Reproduce from the records below, with no pictures, exactly the lines between the one containing "Fauteuil inclinable électrique" and the one containing "Globo Alonso E27", inclusive.
── Available data
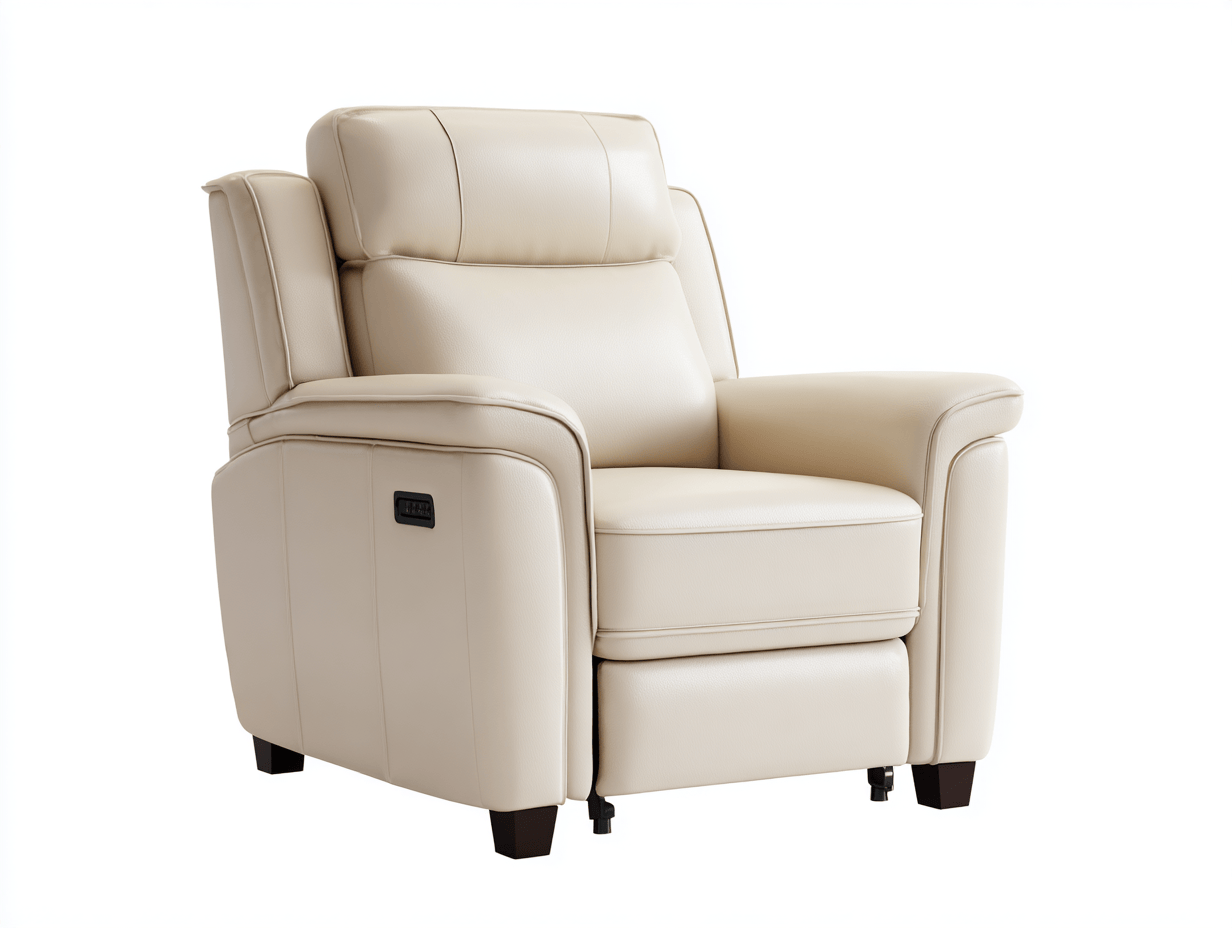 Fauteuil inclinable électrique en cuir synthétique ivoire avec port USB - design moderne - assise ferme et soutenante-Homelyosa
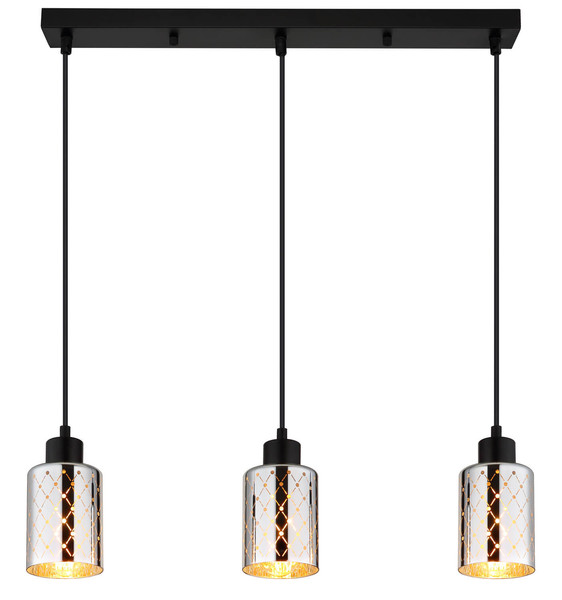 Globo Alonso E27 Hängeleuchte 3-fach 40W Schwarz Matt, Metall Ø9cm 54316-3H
────
── Available data
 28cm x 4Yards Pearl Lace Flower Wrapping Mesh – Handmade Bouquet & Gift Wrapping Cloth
────
Exercise response:
 Fauteuil inclinable électrique en cuir synthétique ivoire avec port USB - design moderne - assise ferme et soutenante-Homelyosa
 Globo Alonso E27 Hängeleuchte 3-fach 40W Schwarz Matt, Metall Ø9cm 54316-3H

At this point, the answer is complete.